Etude AWARE portant sur les EMI de survivants d'arrêts cardiaques,
(Sam Parnia et al., 2001).
I. Introduction
Contexte et objectifs de l'étude sur les EMI de Sam Parnia
L'observation que la réanimation réussie d'un arrêt cardiaque est associée à un certain nombre de conséquences psychologiques et cognitives, dont un trouble de stress post-traumatique, une dépression et des pertes de mémoire, ainsi que des processus mentaux spécifiques qui peuvent présenter certaines similitudes avec la prise de conscience pendant l'anesthésie, a soulevé la possibilité qu'une prise de conscience puisse également se produire pendant la réanimation d'un arrêt cardiaque. En plus des perceptions auditives, caractéristiques de la prise de conscience pendant l'anesthésie, les survivants d'un arrêt cardiaque ont également fait état de perceptions visuelles vivides, caractérisées par la capacité perçue d'observer et de se rappeler d’événements réels se produisant autour d'eux. Bien que la prise de conscience pendant l'anesthésie soit associée à des états de rêve, l'expérience mentale spécifique décrite en association avec l'arrêt cardiaque est inconnue. Les patients victimes d’un arrêt cardiaque ont fait état de perceptions visuelles ainsi que d'une activité cognitive et mentale, y compris des processus de pensée, de raisonnement et de formation de la mémoire. On a également signalé que des patients se rappelaient des détails spécifiques liés à des événements qui se produisaient pendant la réanimation.
Bien qu'il y ait eu de nombreux rapports anecdotiques sur ce phénomène, seules quelques études ont utilisé une méthodologie de recherche rigoureuse pour examiner l'état mental associé à la réanimation d'un arrêt cardiaque.

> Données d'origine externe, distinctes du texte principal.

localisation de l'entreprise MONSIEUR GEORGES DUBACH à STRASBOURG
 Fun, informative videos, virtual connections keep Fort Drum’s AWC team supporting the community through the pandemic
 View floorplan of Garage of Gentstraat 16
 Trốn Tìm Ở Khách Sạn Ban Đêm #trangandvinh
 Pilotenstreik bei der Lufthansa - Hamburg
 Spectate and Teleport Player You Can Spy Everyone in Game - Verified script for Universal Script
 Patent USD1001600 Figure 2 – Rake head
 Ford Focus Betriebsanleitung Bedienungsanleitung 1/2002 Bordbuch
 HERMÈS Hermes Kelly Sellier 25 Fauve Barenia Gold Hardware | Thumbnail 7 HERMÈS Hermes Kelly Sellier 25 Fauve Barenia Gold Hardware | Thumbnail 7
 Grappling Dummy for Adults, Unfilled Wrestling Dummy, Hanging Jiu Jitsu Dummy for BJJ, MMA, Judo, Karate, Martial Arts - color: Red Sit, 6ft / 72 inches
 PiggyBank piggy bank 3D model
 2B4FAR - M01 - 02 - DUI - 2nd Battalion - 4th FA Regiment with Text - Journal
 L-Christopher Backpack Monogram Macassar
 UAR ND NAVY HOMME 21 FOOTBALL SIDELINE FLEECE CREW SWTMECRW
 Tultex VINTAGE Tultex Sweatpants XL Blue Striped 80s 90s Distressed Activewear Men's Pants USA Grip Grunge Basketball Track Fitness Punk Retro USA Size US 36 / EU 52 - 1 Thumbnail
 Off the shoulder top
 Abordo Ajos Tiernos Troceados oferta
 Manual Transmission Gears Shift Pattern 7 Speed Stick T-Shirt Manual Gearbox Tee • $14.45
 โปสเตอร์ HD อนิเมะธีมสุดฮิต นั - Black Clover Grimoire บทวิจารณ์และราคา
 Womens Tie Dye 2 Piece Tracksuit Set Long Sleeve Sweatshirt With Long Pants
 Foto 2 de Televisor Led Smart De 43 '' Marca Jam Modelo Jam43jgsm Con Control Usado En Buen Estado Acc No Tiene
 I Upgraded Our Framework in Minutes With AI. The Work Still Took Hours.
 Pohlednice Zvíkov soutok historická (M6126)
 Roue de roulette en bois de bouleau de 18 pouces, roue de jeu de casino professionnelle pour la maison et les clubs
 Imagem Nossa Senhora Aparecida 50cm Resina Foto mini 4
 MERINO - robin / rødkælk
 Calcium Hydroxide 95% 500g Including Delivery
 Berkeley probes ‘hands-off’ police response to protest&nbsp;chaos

Ces études ont examiné le terme scientifiquement imprécis mais couramment utilisé d'"expériences de mort imminente". Bien que des expériences de mort imminente aient été signalées par 10% des survivants d'un arrêt cardiaque, les expériences cognitives/mentales générales associées à un arrêt cardiaque, ainsi que la prise de conscience et l'association entre les événements réels d’un arrêt cardiaque et les souvenirs auditifs/visuels des événements n'ont pas été étudiés.
L'objectif principal de cette étude était d'examiner l'incidence de la prise de conscience et la vaste gamme d'expériences mentales pendant la réanimation. L’objectif secondaire était d'étudier la faisabilité de l'établissement d'une nouvelle méthodologie pour tester la précision des rapports de perception visuelle et auditive et de la prise de conscience pendant un arrêt cardiaque.
II. Méthodologie
Plan d'étude et recrutement des patients
Dans cette étude d’observation multicentrique, les méthodes ont d'abord été testées dans 5 hôpitaux avant le début de l'étude. L'équipe de recherche a ensuite recruté 15 hôpitaux américains, britanniques et autrichiens pour participer à la collecte de données. Entre juillet 2008 et décembre 2012, le premier groupe de patients victimes d’un arrêt cardiaque a été inscrit à l'étude AWARE. Ces patients ont été identifiés à l'aide d'un système de radiomessagerie local qui alertait le personnel des arrêts cardiaques.
Critères d'inclusion
Les patients victimes d’un arrêt cardiaque étaient admissibles à l'étude s'ils répondaient aux critères d'inclusion suivants :
Arrêt cardiaque défini par l'arrêt du rythme cardiaque et de la respiration (en milieu hospitalier ou extrahospitalier avec réanimation cardio-pulmonaire en cours à l'arrivée au service des urgences).
Âge > 18 ans.
Patients survivants jugés aptes à être interrogés par leurs médecins et soignants.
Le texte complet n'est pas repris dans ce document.